'Evening News' Distorts Severity of Food Inflation by Reporting Only Highest of Increases

May 2nd, 2008 4:45 PM

Although the economy is showing only a slow rate of growth, consumer spending actually showed an increase for the month of March. But, don't be fooled - that's a bad sign, according to "CBS Evening News" anchor Katie Couric.

"[T]he government reported today that consumer spending in March shot up twice as much as economists were expecting, and it's not because we're buying more - it's because the prices are so much higher, especially food," Couric said on the May 1 broadcast.

However, crediting consumer spending growth, up 0.4 percent according to the Commerce Department, to food inflation is not accurate, according to economist Dr. John Lott.

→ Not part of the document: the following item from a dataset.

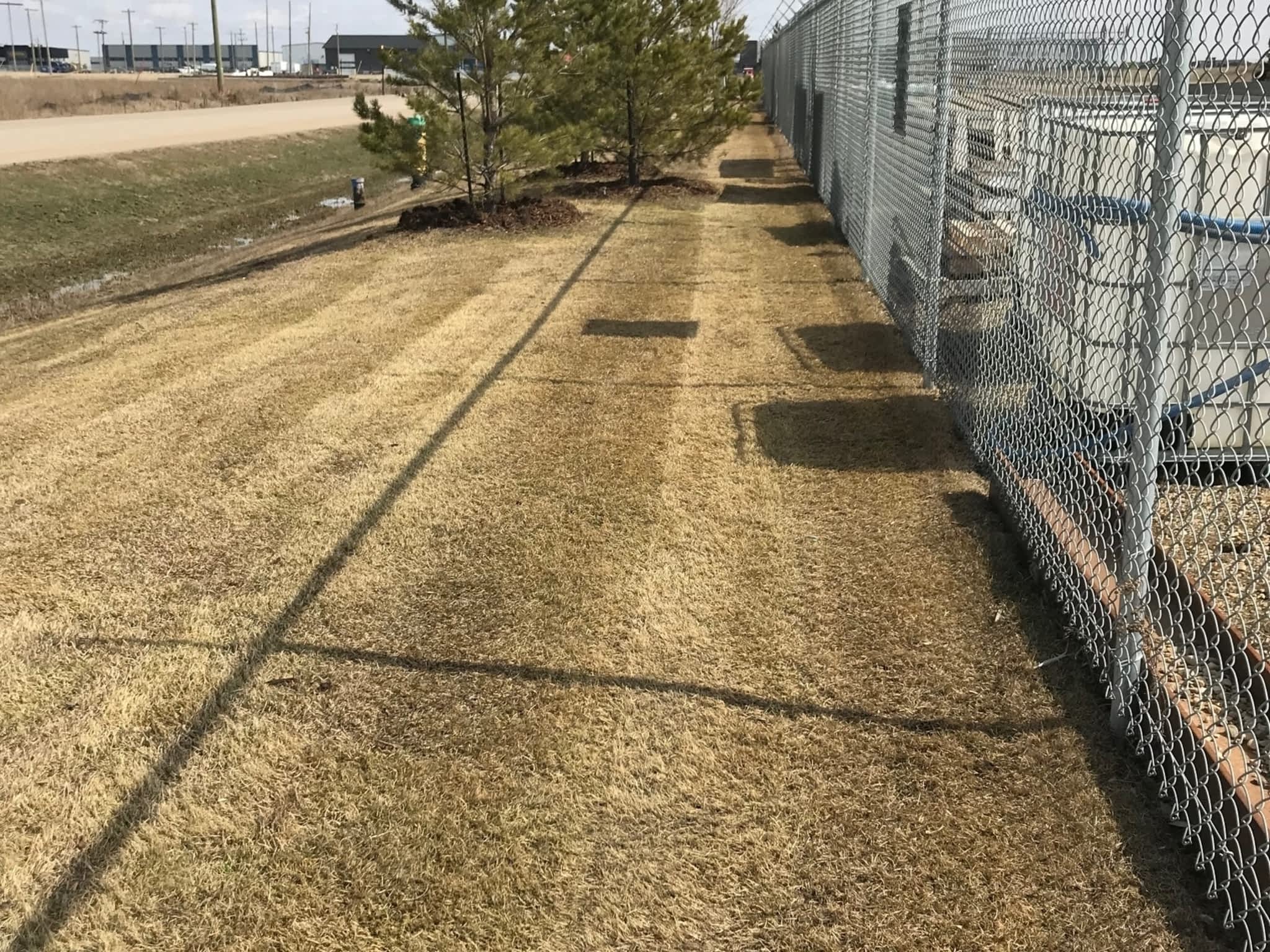 photo Limber Environmental Ltd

"The first notion that somehow you could explain the entire increase in consumer spending is due to higher prices - if you double consumer spending, the only way that statement would make sense is if the price level doubled in a month," John Lott told the Business & Media Institute on May 2.

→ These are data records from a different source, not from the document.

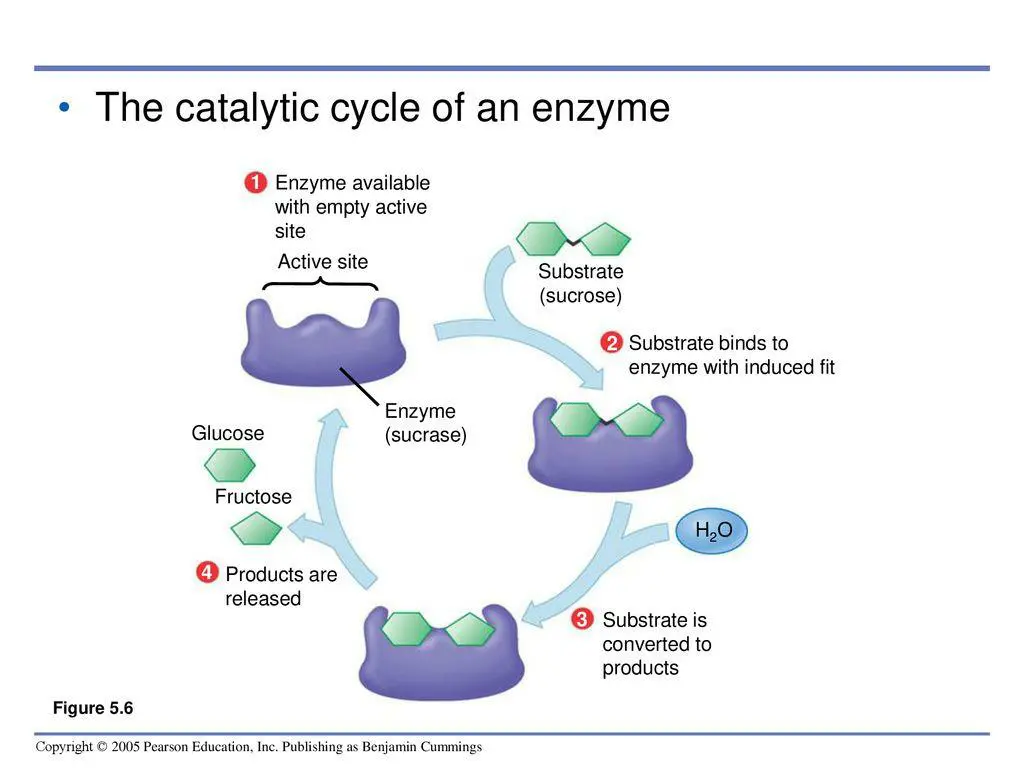 slide17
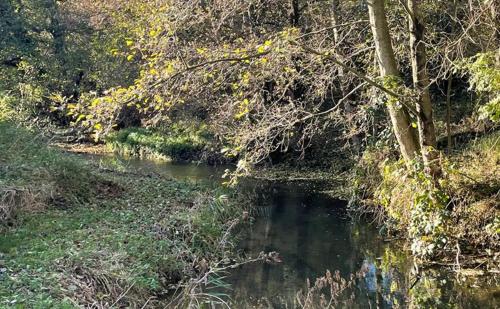 a river in the middle of a forest at Restful Riverside Home in Lincolnshire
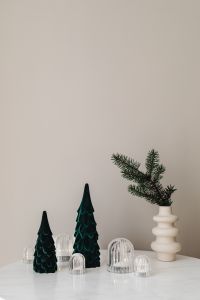 Kaboompics - Mini Christmas Trees and Evergreen Branch on Dark Background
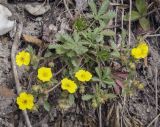 Potentilla humifusa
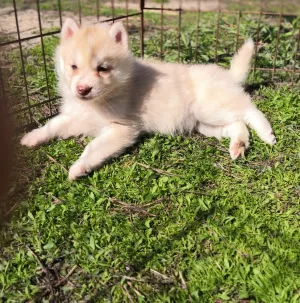 Photo №4. I will sell non-pedigree dogs in the city of Kopeisk. from nursery - price - 563$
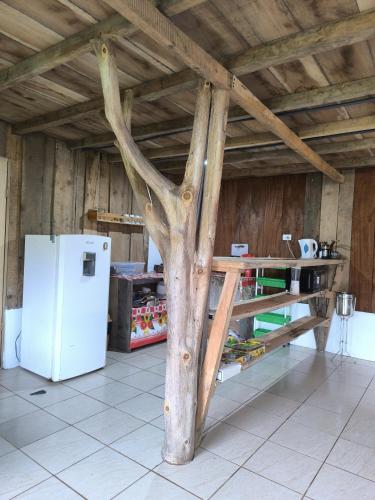a tree in the middle of a kitchen with a refrigerator at Cabaña Cherenga in Sarchí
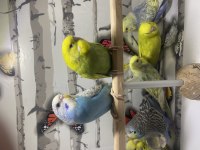 Yeni yeme inmiş A kalite üretim muhabbet kuşu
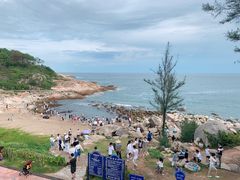 -广东惠东海龟国家级自然保护区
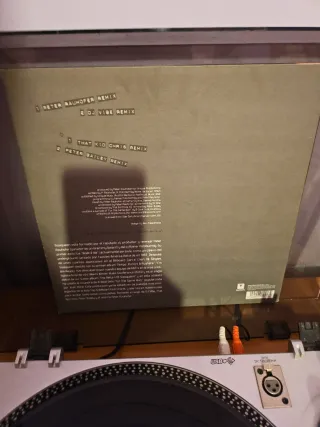 Vinilo Sizequeen I Am Ready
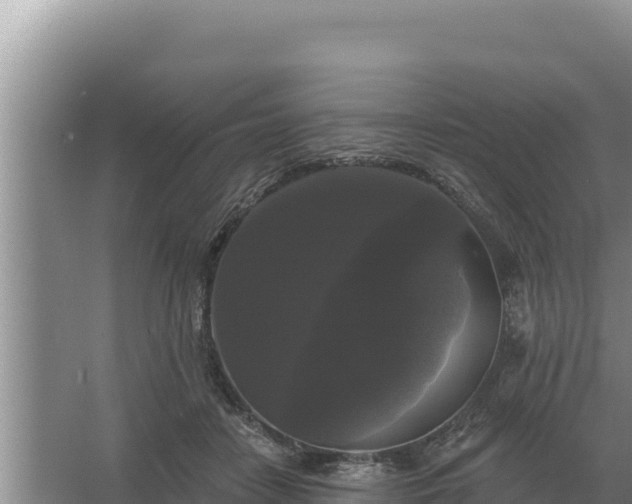 X0000067390458200604071758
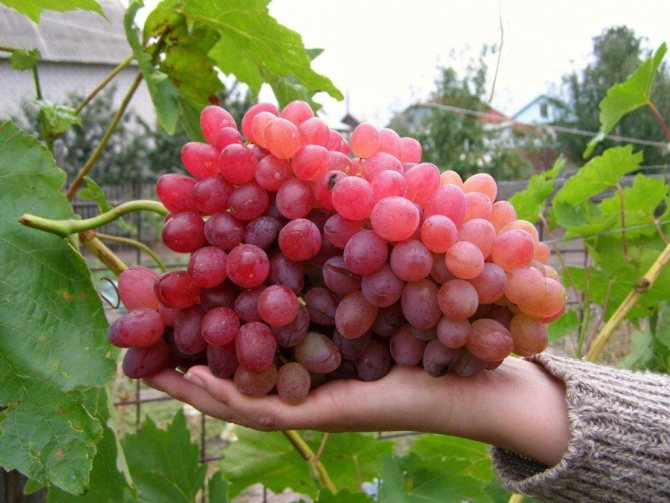 Veles grapes
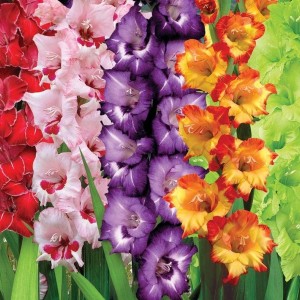 Луковица гладиолусов оптом (от 300 шт.)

Couric also cited a Labor Department statistic that food prices have increased 5 percent annually. But, CBS correspondent Mark Strassmann reported only on food items with much more significant increases in prices.

"Just in the last year, prices of America's food staples have skyrocketed," Strassmann said. "Flour now 49 cents a pound, is up 36 percent; eggs at $2.20 a dozen, up 35 percent; milk - $3.78 a gallon, up 23 percent; and pasta at $1.08 a pound, up 19 percent. Fruits and vegetables are also up double digits."

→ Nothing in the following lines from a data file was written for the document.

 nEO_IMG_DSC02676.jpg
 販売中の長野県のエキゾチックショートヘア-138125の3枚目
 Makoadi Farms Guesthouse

As Lott pointed out - the segment didn't look at the whole picture and that distorts what the reality of the food inflation is.

"When you're talking about all food, you're not spending it all on pasta," Lott said. "Some portion of it is going up, but oranges have fallen by like 35 percent. You have drops in the price of lettuce and other things, too. An the average on the course of a year is going up about 5 percent - that's the relevant number, what's happening overall with the cost of food, not particular parts of the basket because nobody goes and spends on just those things that are going up."